Obviously, by default we would be discussing US restrictions.
Having said that, don't post rumors that you may have read on forums as fact. People that don't know will read it and think it's true as you do.
I can find quite a few conversations which state (quite correctly) that it is illegal to store CVS (the 3 security digits) but clearly not credit card info. E-commerce would grind to a halt if what you claim is true.
...which one would take to mean that you saw people on message boards or forums stating that storing credit card information is fine. You also specifically state that the e-commerce industry would grind to a halt if this weren't so.
Most online vendors use gateways. The information is never stored on their server. The client's computer makes a secure connection with the payment gateway, and it's sent directly.
Some people do store credit card information and don't do it legally. They then possibly post on a forum that this is fine to do. It's not.
Amazon, etc hold credit card information and are PCI compliant. Amazon does not hold your data permanently, you must authorize them to do so.
Having said that, there are e-commerce/shopping cart systems out there which will capture credit card information and store it in your database. If you use one of these, and the data encrypted, isn't securely transmitted to your database, which is encrypted and secure to certain standards, and the securely shown to you when you need to view it, you are allowing the possibility for someone to steal that information.
There are so many ways for this data to be vulnerable. Obviously, the data needs to be submitted through an SSL connection. But what about when it's in the database? Is the information first encrypted? What about the database itself? Is the database secure? Is this on a shared server? What about the sys admins for the server? Linux recently had a vulnerability that allowed users with SSH access the ability to become root (admin) on the server. What about retrieving the information? Is the data securely sent back to your screen?
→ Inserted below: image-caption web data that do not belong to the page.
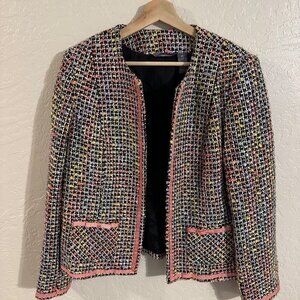 Hillard & Hanson Tweed Bow Accent Plus Size Long Sleeved Pink Piped Pocketed Bla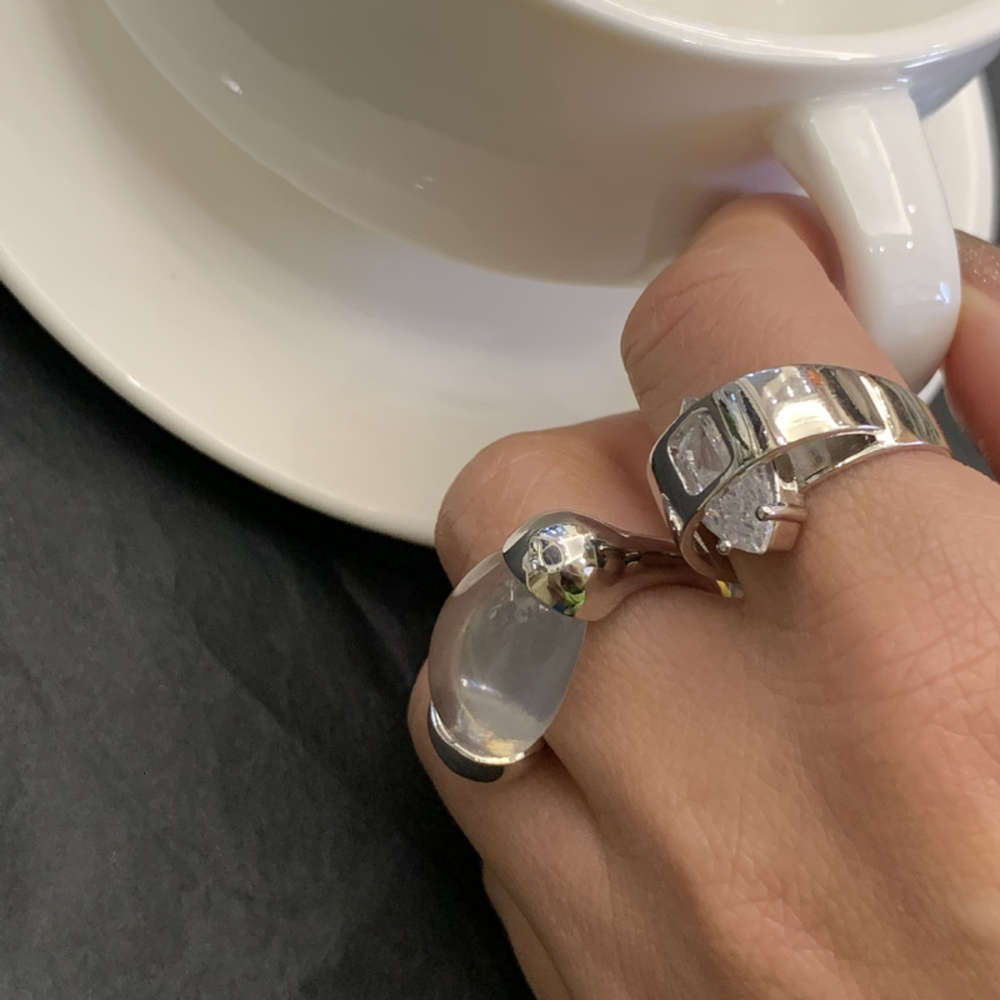 Ins net red with niche neutral clip drill layer fashionable simple versatile wide edition ring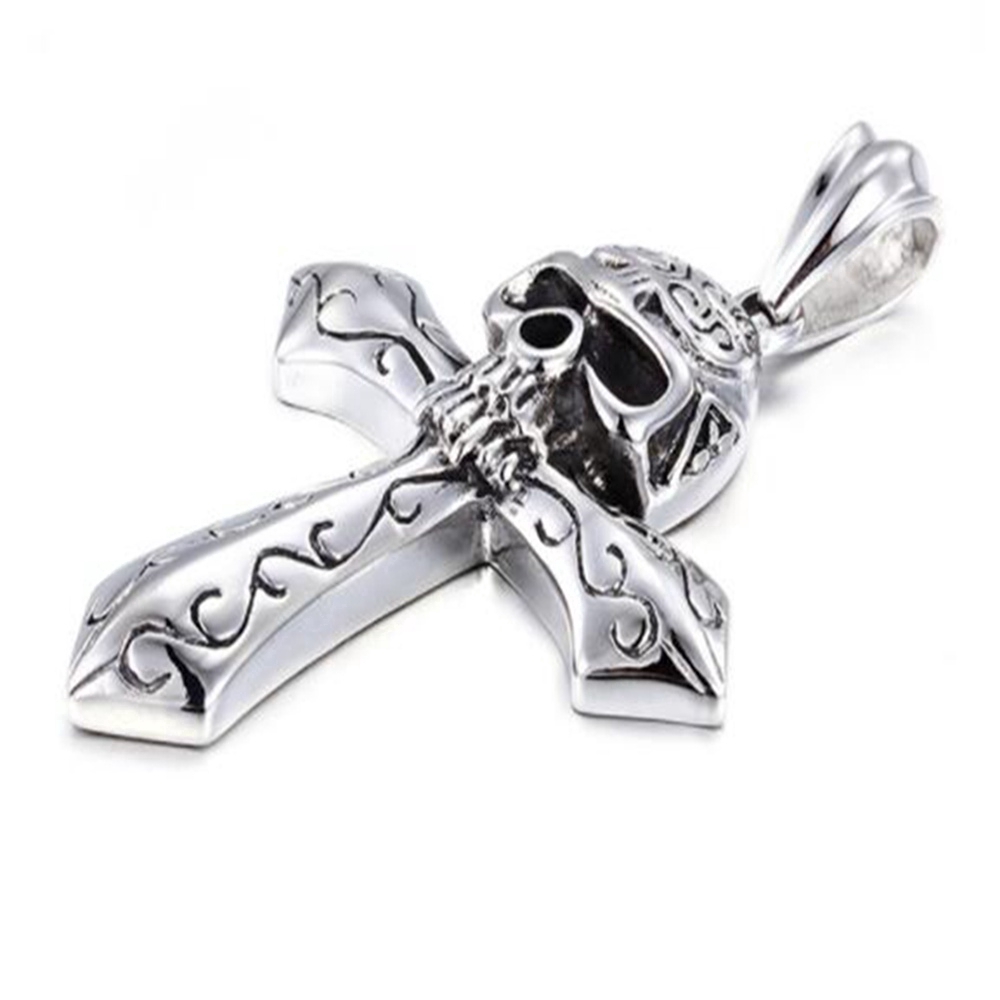 New listing skull crossbones domination male chain necklace titanium steel chain necklace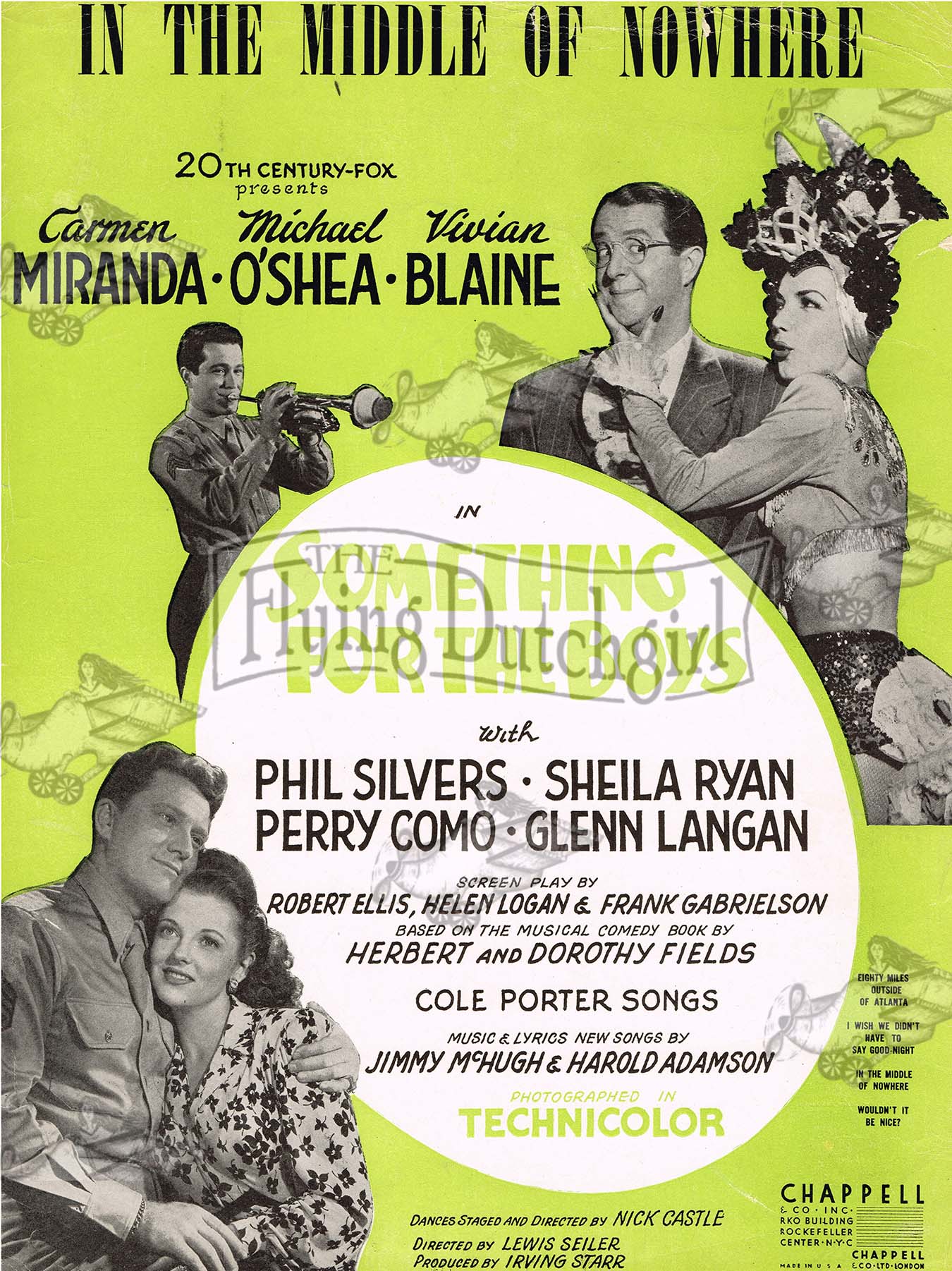 Vintage 1944 Hollywood Cinema Music Sheet Cover  Carmen Miranda Vivian Blaine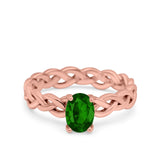 Celtic Weave Braided Style Oval Wedding Engagement Ring Simulated Cubic Zirconia 925 Sterling Silver
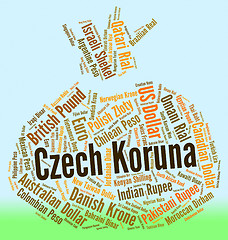 Image showing Czech Koruna Means Foreign Currency And Banknotes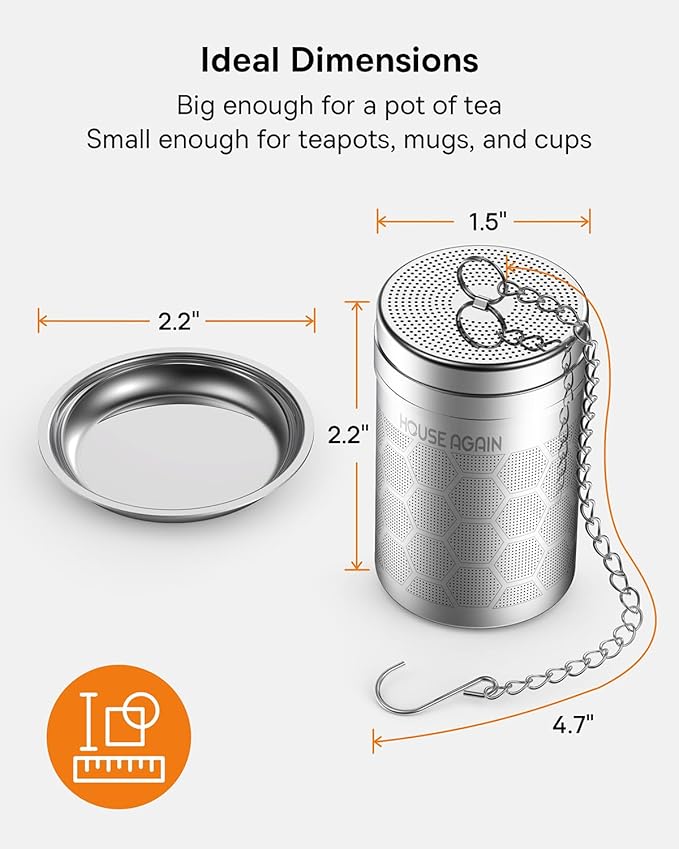 House Again 2 Pack Tea Infusers, Extra Fine Mesh Tea Strainers for Loose Tea, Updated Slim Threaded Lid & 304 Stainless Steel, Filter Bags Diffusers, Loose Leaf Tea Steeper for Brew Tea Spices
You may not feel that you should have any issues with storing credit card data, and I can't speak for the UK, but American Express, Visa U.S.A., MasterCard International, Discover, JCB, and Diners Club, the United States federal government, mosts state governments, and many countries don't agree with you and certainly require that you comply with the Payment Card Industry standards.
In fact, many gateways, such as Paypal, require you to be PCI compliant if you store the data temporarily before sending it to them.
So, before saying things like, "e-commerce would grind to a halt" and "you're lost and confused," please follow my and Boober's advice and do your homework (not on other forums). PCI standards are readily available to vendors and consumers, and thank Hammurabi that relevant laws are as well.